As principal investigator of the five-year, nearly $500,000 project, Sahin will lead his team in testing a wireless medium as a computational substrate to perform calculations in various applications by harnessing the additive nature of electromagnetic waveforms, which result in interference.
“Wireless signals have long been a cornerstone for many communication-based applications, from mobile cellular systems to navigation, where we typically do not want interference,” Sahin says. “This project explores using interference in a useful manner to use wireless signals from multiple sources simultaneously for computation.”
The research team will build a software-defined radio platform to test whether computation through superposed signals through interference is handled accurately. Sahin expects the work will improve the understanding of low-latency computation over wireless networks resulting in faster autonomous systems, technology that would benefit multidisciplinary industries such as networked robotics and vehicular networks.
Societal impacts include noticeable latency improvements in computation-heavy applications that affect daily life, ranging from traffic flow to environment monitoring and cost reduction through better spectrum utilization.
Electrical Engineering graduate student Anthony (AJ) Perre serves on Sahin’s research team. He mentions the majority vote as one application for over-the-air computation.
“Imagine you have a large group of people, and you want to tally votes. Typically, you would gather individual votes and determine the majority after collection,” Perre says. “But imagine if there was a way everyone could shout their answer at once, and by nature of audio signals, I could understand the majority.”

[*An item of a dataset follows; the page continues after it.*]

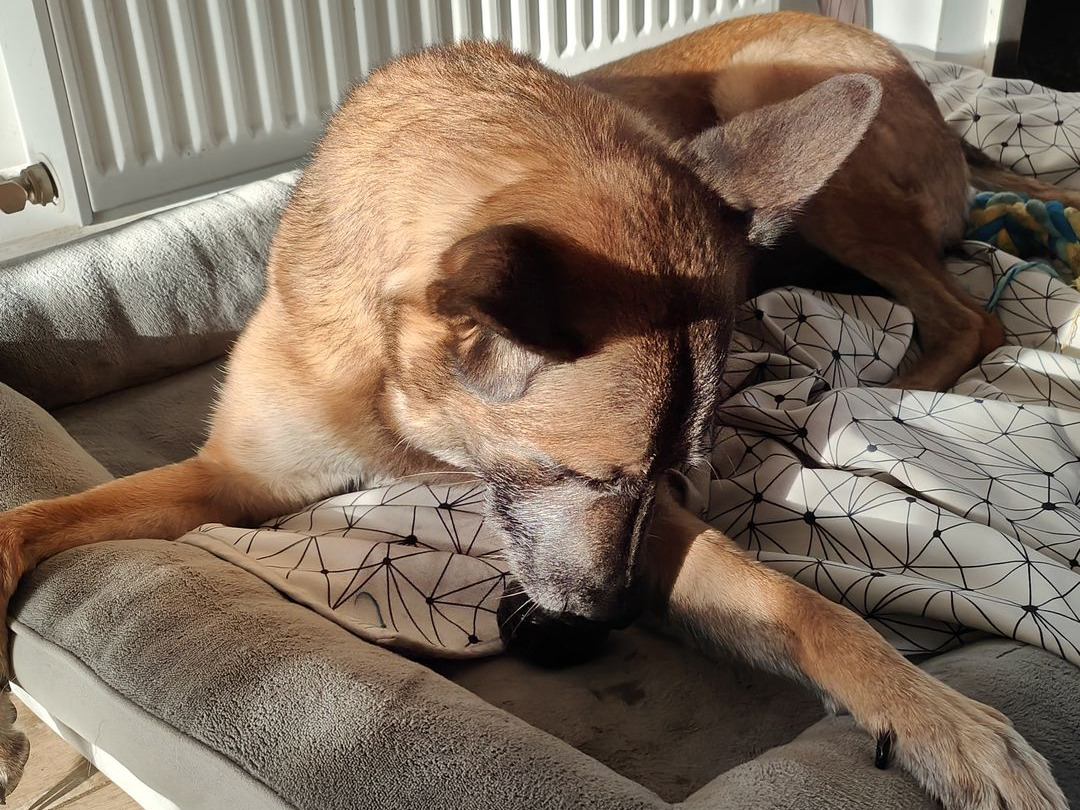 malinois qui lèche sa balle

Sahin describes storage containers at an Amazon warehouse as another example where over-air-computation could be beneficial. If workers needed to detect the average temperature in all of the containers, rather than checking each individual sensor, signals could be transmitted simultaneously, with the average computed using this technique. The same technique can also be used to aggregate distributed neural network parameters as quickly as possible over wireless networks.
“Dr. Sahin’s project is extremely relevant for current and future wireless systems and networks,” says Mohammod Ali, chair of the Department of Electrical Engineering. “I firmly believe his research will break new grounds to increase our understanding of the fundamentals of low-latency communication and find solutions for computation-heavy wireless applications like networked robots, vehicle networks and other faster autonomous systems. His project has a well-developed plan that integrates education with research, benefiting our students at both the undergraduate and graduate levels.”

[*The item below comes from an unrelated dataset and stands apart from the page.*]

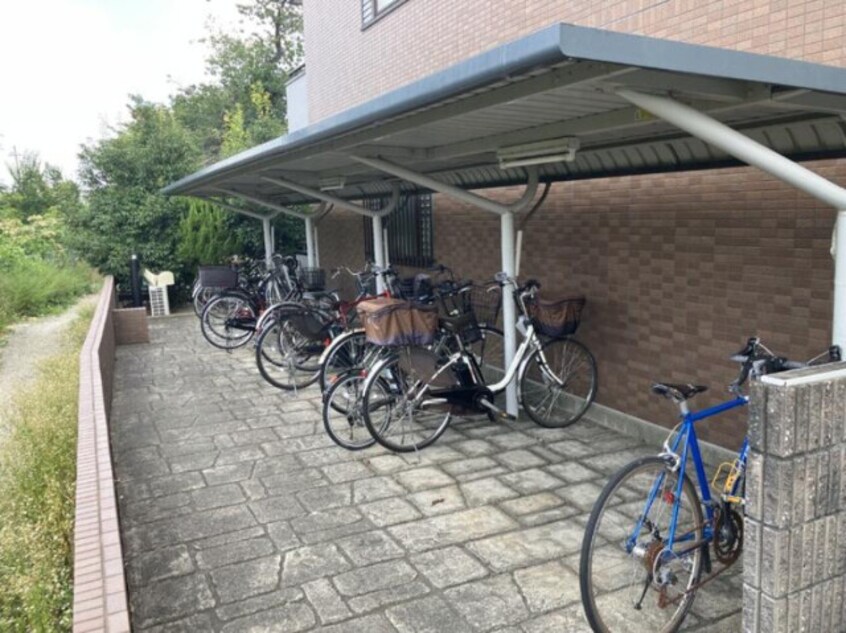 駐輪場 コージィコート桜井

Each NSF CAREER Award project must integrate research, education and outreach. Sahin’s project includes a comprehensive action plan designed to train students, engineers and researchers on relevant problems in communications, computer science and mathematics.
The team will facilitate outreach to high school students through collaboration at educational conferences and publishing research papers. A YouTube channel will be developed to reach and educate a more widespread audience on wireless communication applications.
At the university level, Sahin plans to expand undergraduate education within the Department of Electrical Engineering through coursework and research opportunities in the intersection of wireless communications, signal processing and mathematics.
“We want to enhance wireless education within the department, train students who understand not only wireless communications, but also its impact on artificial intelligence systems, and teach them how to use wireless networks and radio signals efficiently to facilitate the underlying communications for artificial intelligence systems,” Sahin says.
Through this project, he will train students in using radios to experiment with wireless signals and sponsor an undergraduate Capstone project focused on neural networks.
“Giving students more exposure in areas related to wireless systems is a good thing,” adds Perre. “We take for granted how much the world relies on wireless signals and their role in the Internet, communications and things that are fundamental to our daily lives. As students, we need more exposure to these systems that we use every day.”